■ Task requirements
Output the lines from the one containing "Ayuntamiento de Logrosán: Horario" through the last line of the material below, exactly; please do not include pictures.

■ Material provided
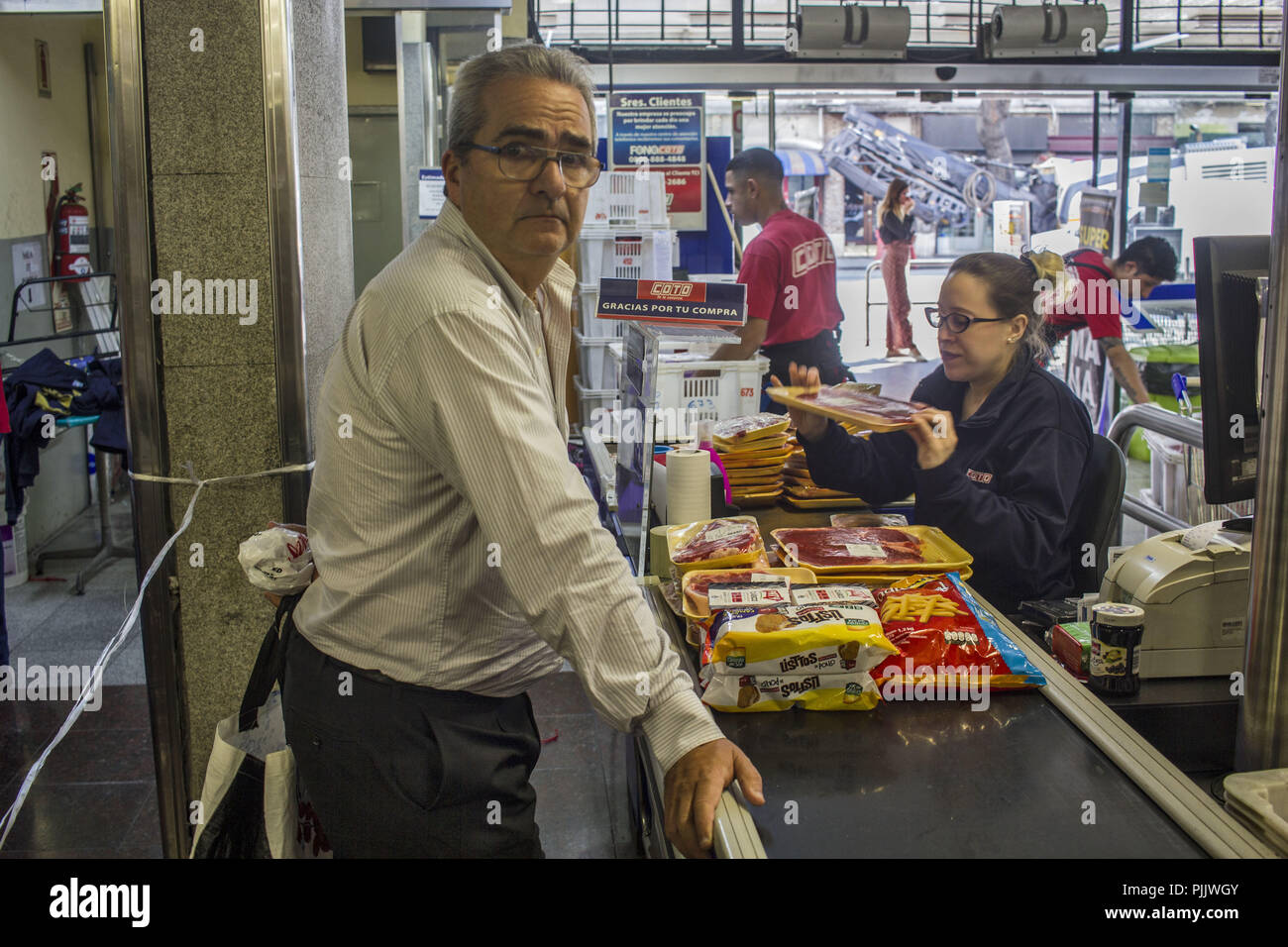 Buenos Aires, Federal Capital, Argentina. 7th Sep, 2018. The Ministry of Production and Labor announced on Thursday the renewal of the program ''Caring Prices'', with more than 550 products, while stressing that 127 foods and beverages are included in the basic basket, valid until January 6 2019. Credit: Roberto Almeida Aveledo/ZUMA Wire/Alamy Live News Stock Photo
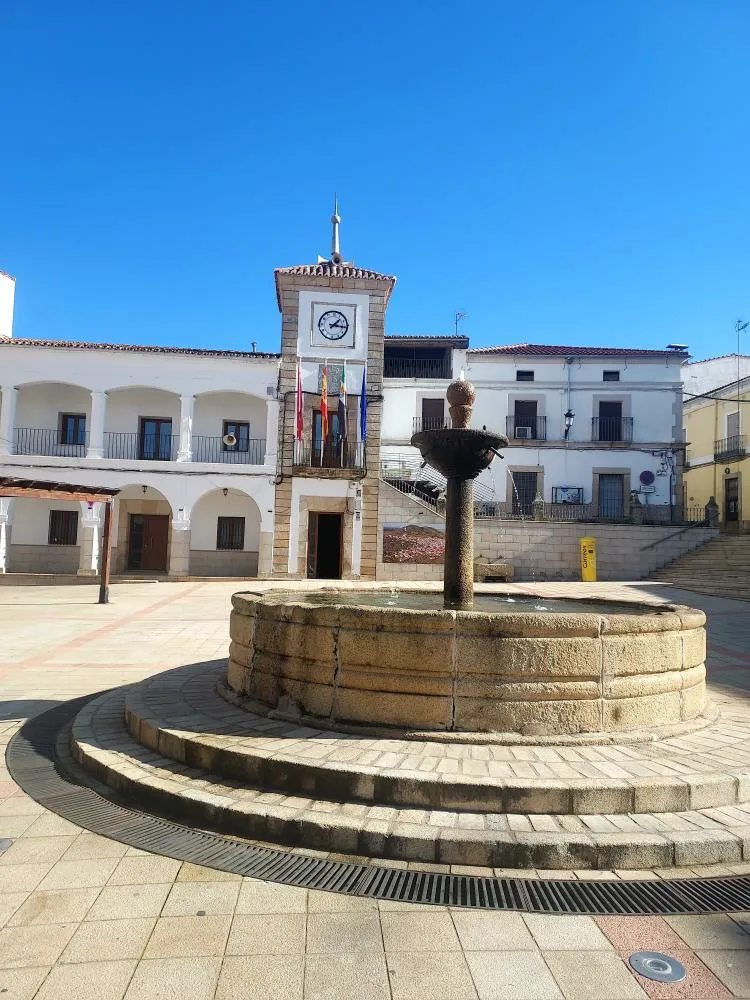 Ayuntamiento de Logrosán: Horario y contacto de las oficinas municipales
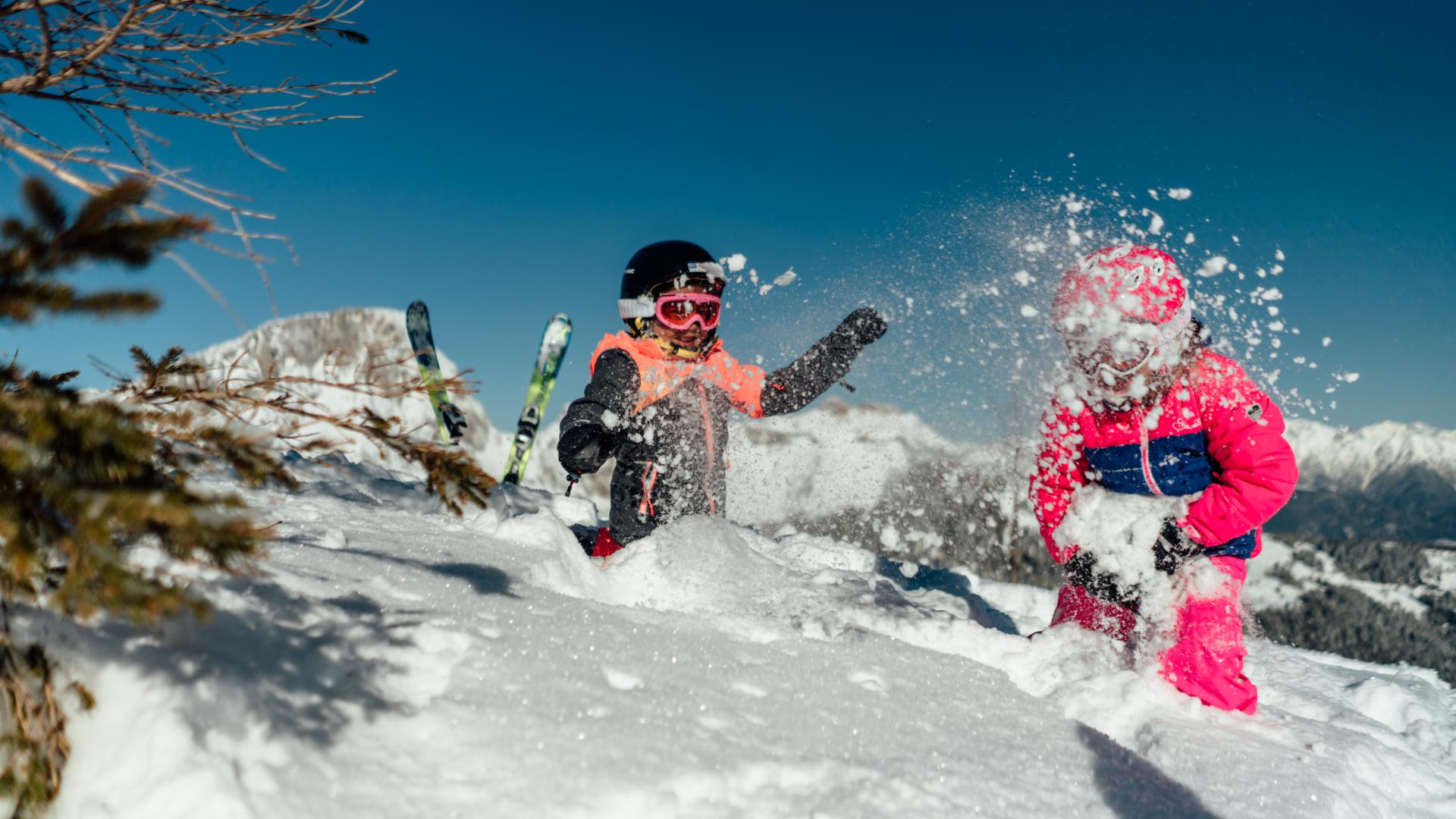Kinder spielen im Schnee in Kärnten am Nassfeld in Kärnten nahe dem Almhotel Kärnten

■ Written solution
 Ayuntamiento de Logrosán: Horario y contacto de las oficinas municipales
Kinder spielen im Schnee in Kärnten am Nassfeld in Kärnten nahe dem Almhotel Kärnten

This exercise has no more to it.